Вообще описываемый им мир – это мир такой сумеречный, пессимистический, не оставляющий никакой надежды. Иногда вдруг проявляется какая-то крайне редкая позитивная черта, причём она звучит довольно стильно именно потому, что это в его поэзии – большая редкость. Вот в стихотворении «На своё сорокалетие» он пишет: «Только с горем я чувствую солидарность» – и это едва ли не единственный позитивный элемент. Даже когда он пишет стихи по поводу смерти своей матери и смерти отца, тут нет никакого, я бы сказал, погребального торжества – так сказать, никаких элементов надрыва. Несомненно, что своих родителей он очень любил (особенно отца), что он был с ними сердечно и душевно связан. Но, когда дело доходит до стихов, изобразительный, словесный, лексический ряды чрезвычайно притушены. И я помню, как мне он однажды сказал: «Вы все, – он имел в виду русских поэтов и, наверное, меня в их числе, – вы все привыкли рвать на себе рубашку, а я предпочитаю бормотать». И это справедливо. Мы действительно довольно часто берём такие высокие ноты – одни меньше, другие больше – и иногда даём петуха, чего у него совершенно нет.
После переезда в Америку, особенно в первое время – в 70-е годы, – изобразительность в его поэзии всё больше и больше усложняется. Он находит необыкновенно странные, но удивительные метафоры, которые, даже если их буквально не понимаешь, тебя до некоторой степени гипнотизируют. В этом смысле я очень ценю цикл «Часть речи»: небольшие стихи, написанные, видимо, где-то году в 73–74-м. «…И при слове «грядущее» из русского языка выбегают мыши…» Почему мыши? Но действительно, когда ты проникаешь в эти стихи, они становятся художественно очень убедительными.

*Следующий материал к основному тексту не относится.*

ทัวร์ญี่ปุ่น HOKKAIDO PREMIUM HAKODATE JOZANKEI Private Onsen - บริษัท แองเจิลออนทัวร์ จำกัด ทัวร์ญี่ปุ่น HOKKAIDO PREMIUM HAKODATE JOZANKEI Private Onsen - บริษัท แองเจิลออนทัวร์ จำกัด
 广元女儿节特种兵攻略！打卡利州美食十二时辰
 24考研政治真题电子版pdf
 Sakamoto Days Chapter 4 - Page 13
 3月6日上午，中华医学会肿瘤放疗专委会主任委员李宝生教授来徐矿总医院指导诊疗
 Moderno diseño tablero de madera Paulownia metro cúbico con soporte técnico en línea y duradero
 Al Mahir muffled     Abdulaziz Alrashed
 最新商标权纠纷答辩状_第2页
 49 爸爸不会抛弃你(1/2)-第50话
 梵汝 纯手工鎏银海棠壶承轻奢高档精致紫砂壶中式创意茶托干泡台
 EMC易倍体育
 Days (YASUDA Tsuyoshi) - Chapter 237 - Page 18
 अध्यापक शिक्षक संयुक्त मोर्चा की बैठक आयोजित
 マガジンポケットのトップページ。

В смысле многослойности, многозначности текста Бродский был гениально одарён своего рода таинственными способностями, одарён фрейдистскими приёмами, где не требуется буквального, немедленного объяснения образу, однако он тебя убеждает и становится поэтически состоявшимся. И таких стихов очень много. Весь цикл «Часть речи» – поэма «Колыбельная Трескового мыса», «Венецианские строфы», «Лагуна» и многое-многое другое – всё это замечательные достижения. Тогда ещё им владело, несмотря на весь негативизм, желание создать художественное произведение.
Я думаю, что где-то к концу 70-х, началу 80-х годов Бродского покидает стремление к созданию, построению вещи, и его негативизм становится ещё темнее. Он пишет стихи, отмеченные крайней подавленностью, в которых предстаёт совершенно ужасная картина мира сумеречного, прогнившего, полумёртвого, отрицательного; вокруг него как бы не мир, а морг.
И если он иногда отходит от этого и пишет какие-то, я бы сказал, большие ёрнические произведения, такие вот стилизации, вроде «Представления», или у него есть совсем маленькая поэмка «Назначение» – это такие явления чёрного юмора, весьма злого, саркастического и даже цинического.
Может быть, именно поэтому в последние годы он уже просто почти не пишет стихи; если посмотреть в собрание сочинений, то он, который мог за год написать несколько тысяч строк, за последние четыре-пять лет оставил совсем немного стихотворений.
Тут нельзя забывать, конечно, что он многие годы прожил под знаком смерти, что у него было три операции на открытом сердце, несколько инфарктов, что он мог умереть в любую минуту – как это, собственно, и случилось.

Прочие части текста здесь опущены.